Davis has been acting for nearly three decades and her filmography is one of the most impressive in Hollywood. To date, she has 96 acting credits and 27 producing credits. She has received four Academy Award nominations, winning in 2016 for her role in Fences. She has received seven Golden Globe Award nominations, again winning in 2016 for her role in Fences. She has received five Emmy Award nominations, winning in 2015 for her role in How to Get Away with Murder. She has received 10 Screen Actors Guild Award nominations, winning in 2011 for her role in The Help, 2014 and 2015 for her role in How to Get Away with Murder, 2016 for her role in Fences, and 2020 for her role in Ma Rainey's Black Bottom. She has received three Tony Award nominations, winning in 2001 for her role in King Hedley II, and in 2010 for her role in Fences. Davis’s memoir, Finding Me, was published in 2022. The following year she won a Grammy for the audio version of the book. With that award, she achieved “EGOT” (Emmy, Grammy, Oscar, Tony) status.
In addition to her acting pursuits, Davis is a philanthropist. She has a passion for giving back and has become an advocate for social justice and equality for women of color in Hollywood. As a first generation college student, she highly values access to education. As such, she donated funds to her hometown public library in Central Falls, Rhode Island, to assist in preventing its closure due to a lack of city funding in 2011. She donated to her alma mater, Central Falls High School, to support its theater program in 2018. And since 2014, she has collaborated with the Hunger Is campaign to help eradicate childhood hunger across America by starting the $30K in 30 Days Project with the organization.
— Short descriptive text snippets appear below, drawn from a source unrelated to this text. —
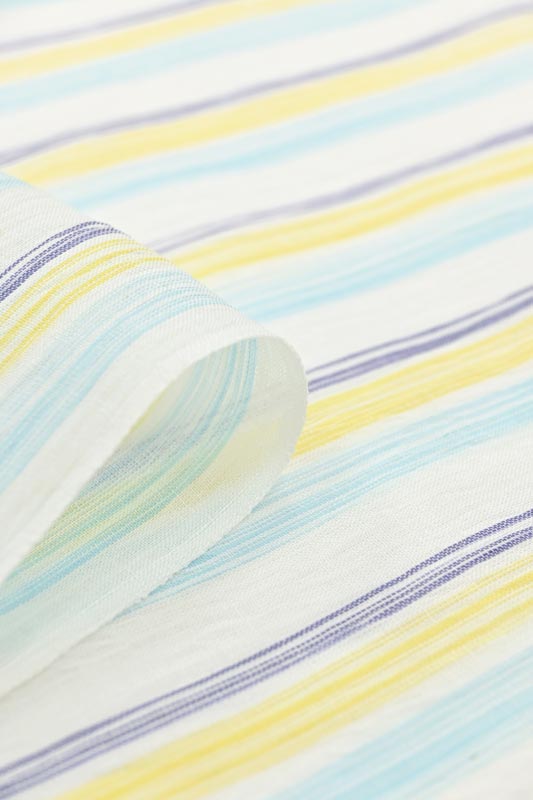【夏物】 【本場小千谷ちぢみ着尺】 <吉新織物> 「爽彩縞・白」 ◇広幅 涼やかな夏のカジュアル! 新柄、厳選入荷!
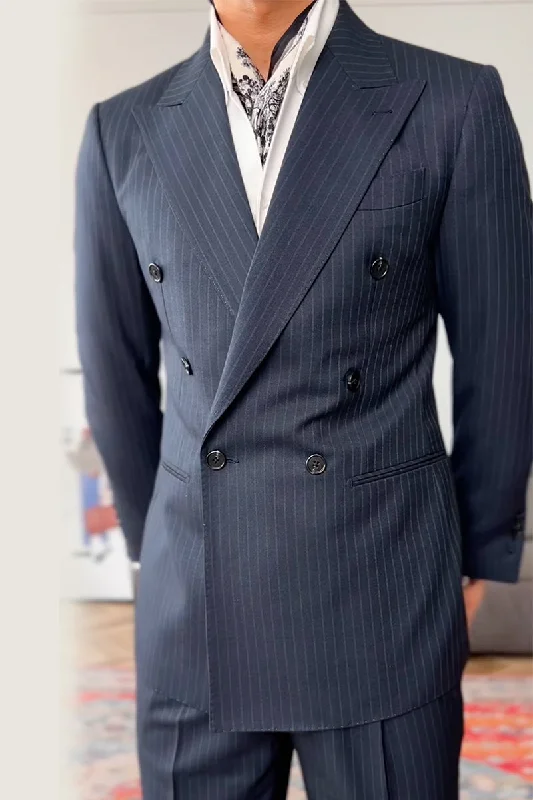 Navy Blue Slim Fit Pinstripe 2 Piece Double Breasted Suit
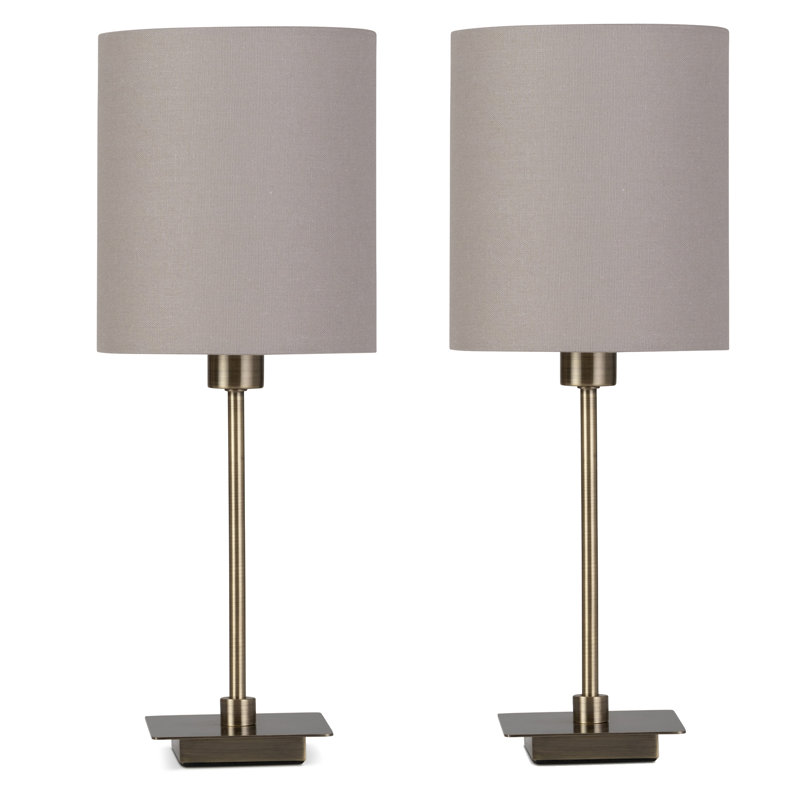 Pair (2x) Square Stick Antique Brass Metal Bedside Table Lamp , Grey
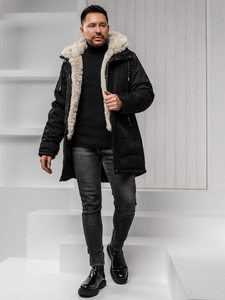 Μαύρο Ανδρικό Χειμερινό Μπουφάν Parka Bolf 5M3132A1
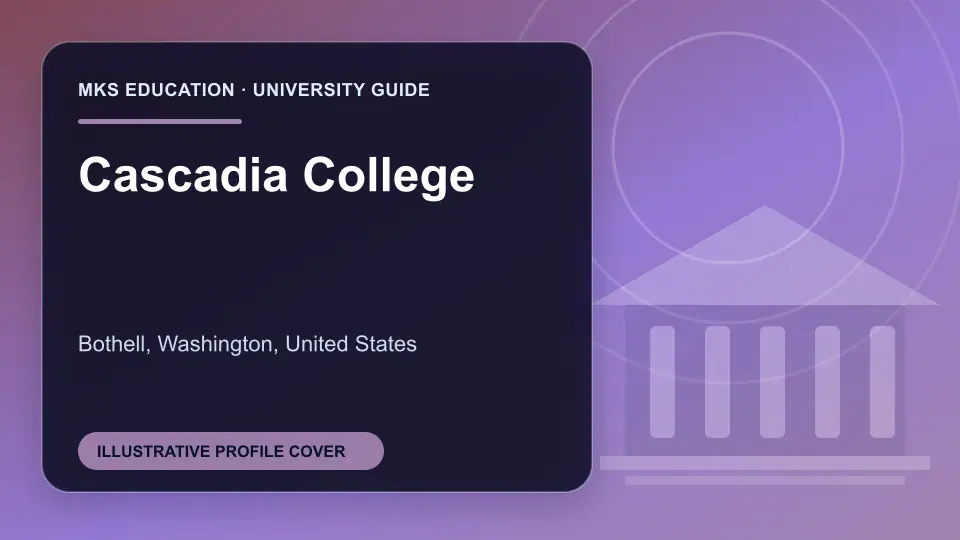 Illustrative MKS Education profile cover for Cascadia College in the USA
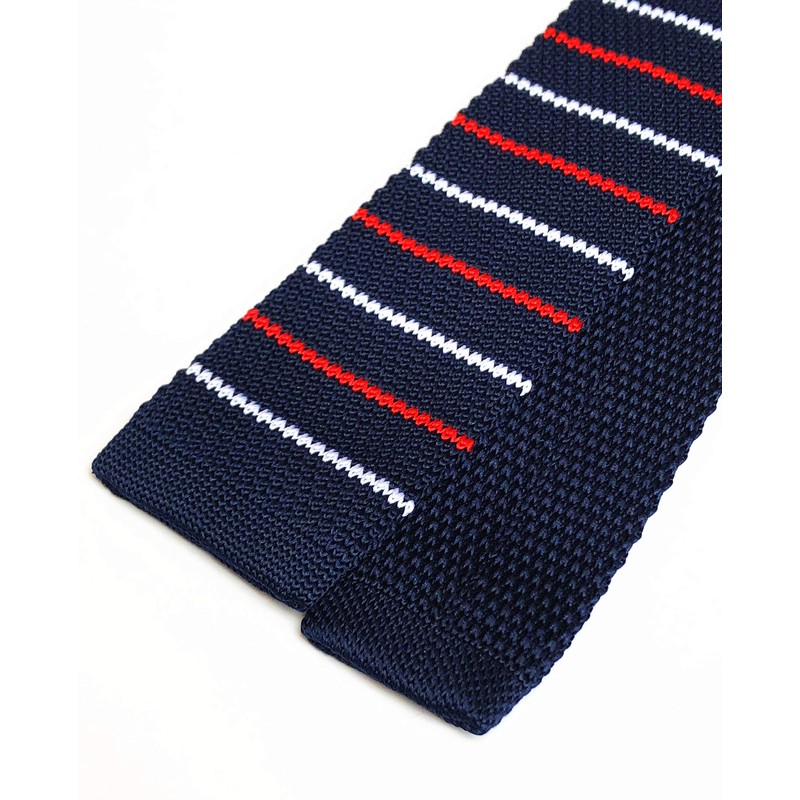 Men's Knitted Neck Tie Accessory Formal Necktie Navy Blue Red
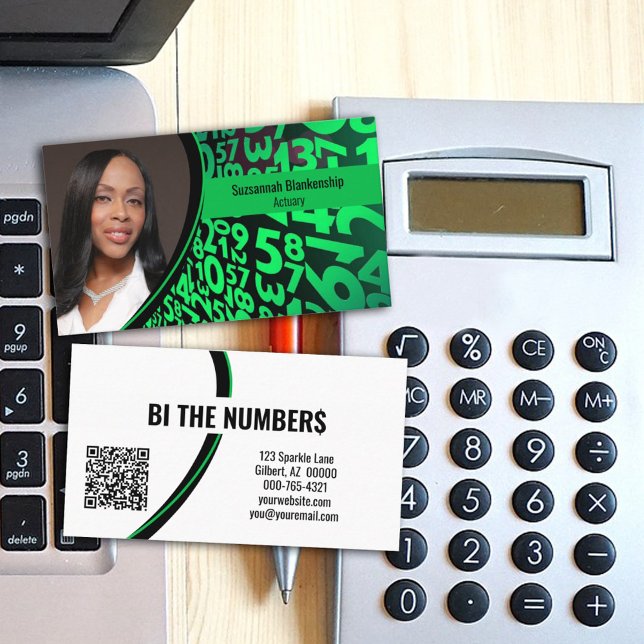 Green Black Numbers Custom Photo QR Code Business Card (Share your business information on this double-sided custom photo, QR Code business card design.)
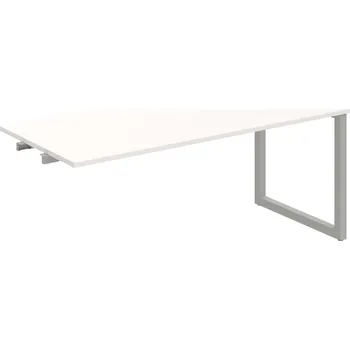 Psací stůl UJ O 1800 R – Stůl jednací rovný délky 180 cm, k řetězení - Bílá , Šedý kov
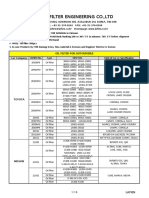 韩国品牌滤芯LAFIEN Filter List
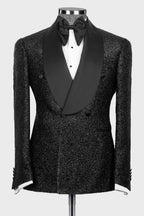 Shiny Black Double Breasted Shawl Lapel Men Suits
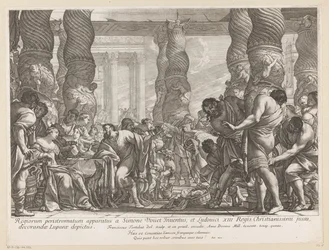 Samson conduit à une colonne dans le temple de Dagon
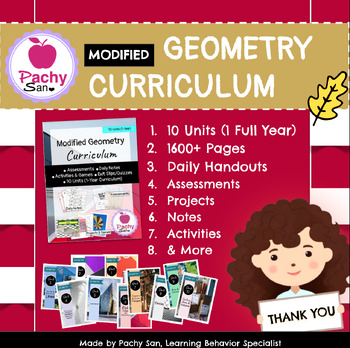 Preview of Modified Geometry Curriculum (10 Units - 1 Year) Ultimate Bundle with Links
Davis has been quoted as saying, “The reason I became an actress is because I wanted my acting to reflect life as it is. I want to put truth on the screen. I want real women to see real women on the screen.” Known for her precise, controlled performances and her regal presence, Davis has been considered one of the best actresses of our time.
This text is excerpted from: https://en.wikipedia.org/wiki/Viola_Davis, https://www.britannica.com/biography/Viola-Davis, https://risefirst.org/role-models/Viola%20Davis, and https://www.theguardian.com/film/2018/oct/20/viola-davis-stifled-who-was-lost-years-the-help.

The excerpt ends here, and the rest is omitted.